NLRB Adopts “Quickie Election Rules”: Its Threat Was, After All, A Promise

December 19, 2014

After announcing its intentions in 2011, by a 3-2 vote the National Labor Relations Board (NLRB) published its final rules to overhaul the way it will handle petitions filed by unions to represent employees. The NLRB is advertising the new process as a means for “modernizing” and “streamlining” how petitions and representation disputes will be handled. The employer community views the changes as a blatant attempt to assist unions in their efforts to organize employees.

The “quickie election rules,” as they are commonly referred to, will shorten the period from when an election petition is filed with the NLRB to when the actual election is to be held from the typical six weeks to as few as two weeks, provide unions with more access to employees during the campaign period, and limit an employer’s ability to object to an petition. The new rules will go into effect April 14, 2015.

The NLRB has published a rather detailed fact-sheet summarizing the new rules and how they differ from the status quo of the past few decades. Among the highlights of the changes are:

Changes to the Petition Processing Rules

  • Unions will be able to file their petitions by email, and no longer just by fax or regular mail;
  • Excelsior lists (that is, the lists of employees who are eligible to vote) will have to be provided by employers to the unions within two days, instead of seven days, after an election agreement is finalized or an election is otherwise directed;
  • Excelsior lists will have to include employee phone numbers and, if available, personal email addresses, and no longer just home addresses, and thereby may require employers to scour the new I-9 forms or other records to compile employee email addresses; and
  • The new Excelsior lists will make it much easier for unions to communicate with employees during the shortened campaign period.

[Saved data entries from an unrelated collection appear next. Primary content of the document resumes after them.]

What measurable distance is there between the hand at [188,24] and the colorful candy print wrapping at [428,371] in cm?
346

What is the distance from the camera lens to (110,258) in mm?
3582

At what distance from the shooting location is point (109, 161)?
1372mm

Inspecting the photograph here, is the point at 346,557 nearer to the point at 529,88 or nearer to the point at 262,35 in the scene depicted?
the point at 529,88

Changes to the Election Hearing Rules

  • If the employer intends to litigate the petition, the hearing will held within eight days of the petition’s filing, which is much quicker than under current practices. The employer also must file a pre-hearing position statement by the day before the hearing starts, raising all of the key issues it believes will have to be addressed at the hearing;
  • Any issues not listed by the employer will be deemed waived, and the union need not respond to the employer’s position until the start of the hearing;
  • Along with the pre-hearing position statement, the employer also will have to provide a list of all prospective voters by job classification, shift, and work locations, a requirement not currently in place;
  • Unlike the current practice under which post-hearing briefs are allowed within 7-14 days post-hearing, pre-election hearings normally will conclude with oral arguments;
  • An appeal of a Regional Director’s ruling in a pre-election matter to the NLRB no longer will delay automatically the holding of the election; and
  • Disputes regarding who should be included in the unit and eligibility of voters no longer will be heard as part of the pre-election hearing process, but instead will be deferred until after an election is held. The pre-election hearing issues therefore are limited to whether an election should be conducted.

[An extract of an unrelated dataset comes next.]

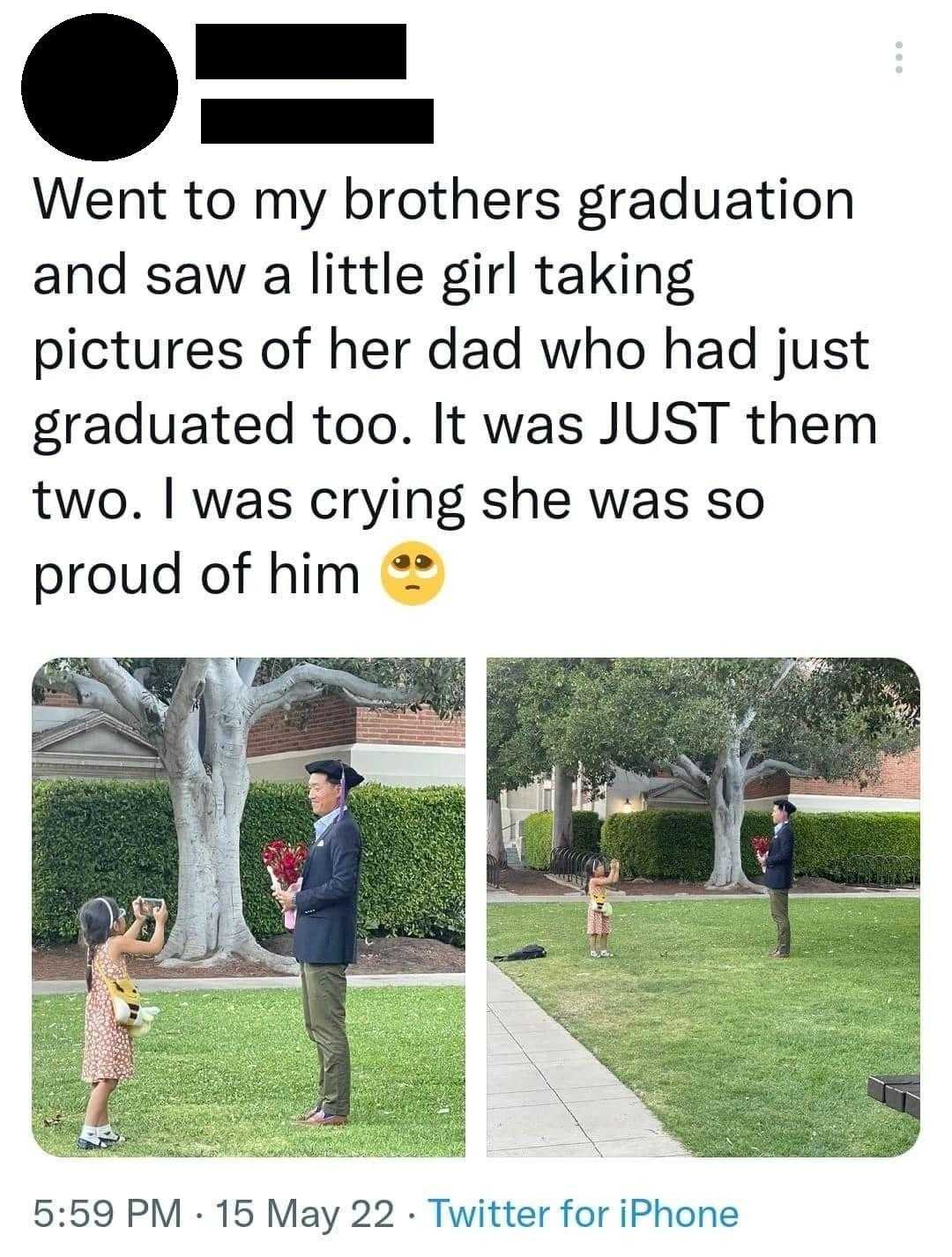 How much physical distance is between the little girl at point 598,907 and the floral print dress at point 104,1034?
130cm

Consequences for Employers

Employers who desire to limit their workforces from unionizing, or who at least wish to educate their employees as to what unionizing may mean to them, must realize that these new rules change the paradigm in which they can accomplish these objectives. These rules, which will likely result in elections occurring more quickly and more often, will undermine the techniques many employers have been using to date. The effects of these new rules are compounded by the NLRB’s new rules allowing for “micro-units,” that is units where the concept of what constitutes an “appropriate bargaining unit” has been seriously loosened allowing unions an easier entry into a workforce than under prior precedent. Employers therefore should meet with counsel to review their options for responding to these new rules.

For instance, at the very least, union avoidance training should occur with managers and employees before union authorization cards begin to circulate in the workplace. Attorneys and consultants may be used to identify issues causing the employer vulnerability and how to address those issues without running afoul of the legal parameters. Supervisors should be identified and response teams should be trained in advance as to how to communicate with employees about unionizing both prior to and after the filing of a petition.

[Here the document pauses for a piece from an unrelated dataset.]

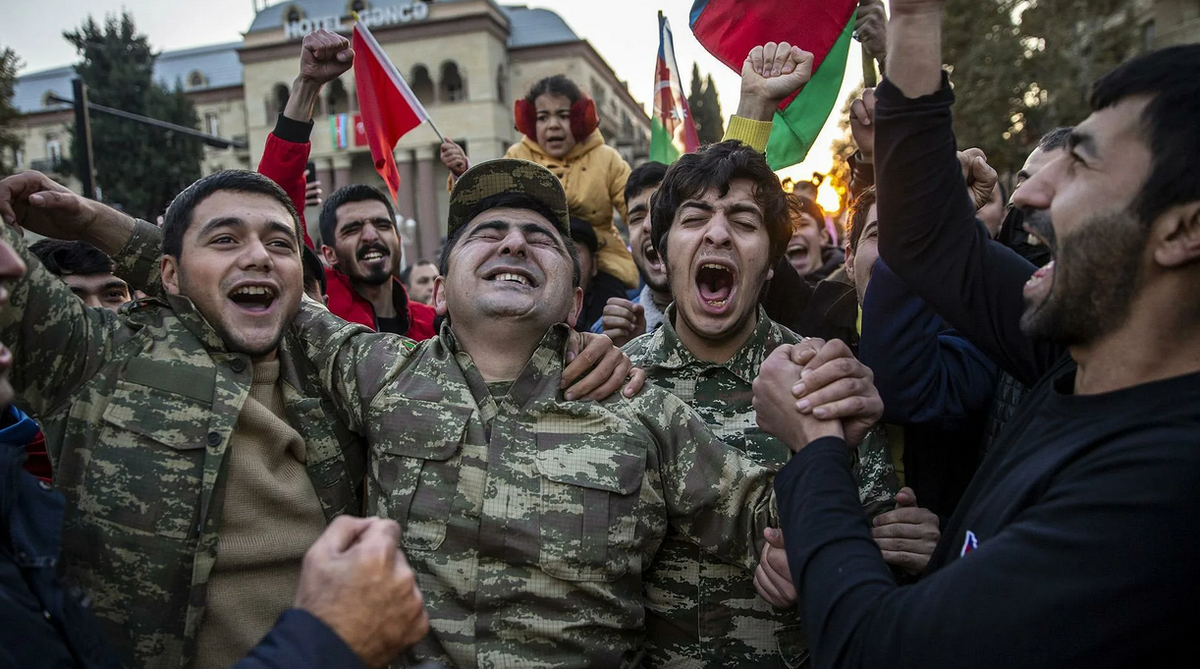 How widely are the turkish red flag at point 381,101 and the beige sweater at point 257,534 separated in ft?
10.8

Employers should not wait until a petition is filed to retain counsel to address election issues. There will be little time to do so. Rather, counsel should be consulted now to help plan for that event if it’s to occur, and to hopefully help preempt it from occurring.

It is also possible that there will be various legal challenges to the new rules. Such challenges prevailed a few years ago, but only because the courts held that the NLRB lacked a legal quorum to pass the rules. Other legal theories exist, but they may be more challenging. In addition, leaders of the new Republican Congress have expressed some interest in passing legislation to vacate the new rules. It is too soon to tell how likely this will occur or whether it would survive a veto if passed.

In any event, employers should not wait with the hope that some intervening event will stop these new rules from becoming effective. When April arrives, some employers will quickly find themselves to be subject to the new rules, and only those who prepare will have a chance to respond. Further, by responding now, employers may have communication plans in place that could serve to help avoid a union drive from ever getting momentum.